Indexed distinct

ASA SQL User's Guide
  Query Optimization and Execution
    Query execution algorithms
      Duplicate elimination

Indexed distinct

The indexed distinct algorithm maintains a work table of the unique rows from the input. As rows are read from the input, an index on the work table is searched to find a previously seen duplicate of the input row. If one is found, the input row is ignored. Otherwise, the input row is inserted into the work table. The work table index is created on all the columns of the SELECT list; in order to improve index performance, a hash expression is included as the first expression. This hash expression is a computed value embodying the values of all the columns in the SELECT list.

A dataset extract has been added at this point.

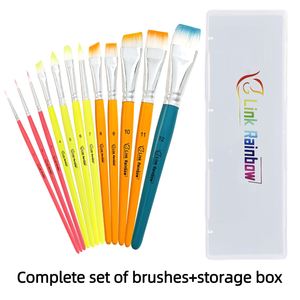 Pinceau à pétales croisés en poils synthétiques dégradé arc-en-ciel pour expressions créatives, fournitures de maquillage pour enfants, couleurs personnalisées - Product Image 4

The indexed distinct method returns distinct rows as they are encountered. This allows it to return the first few rows quickly compared to other duplicate elimination methods. The indexed distinct algorithm only stores two rows in memory at a time, and can work well in extremely low memory situations. However, if the number of distinct rows is large, the execution cost of the indexed distinct algorithm is typically worse than hash distinct. The work table used to store distinct rows may not fit in cache, leading to rereading work table pages many times in a random access pattern.

Since the indexed distinct method uses a work table, it cannot provide fully sensitive semantics; however, it also does not provide fully insensitive semantics, and another work table is required for insensitive cursors.

The indexed distinct method locks the rows of its input.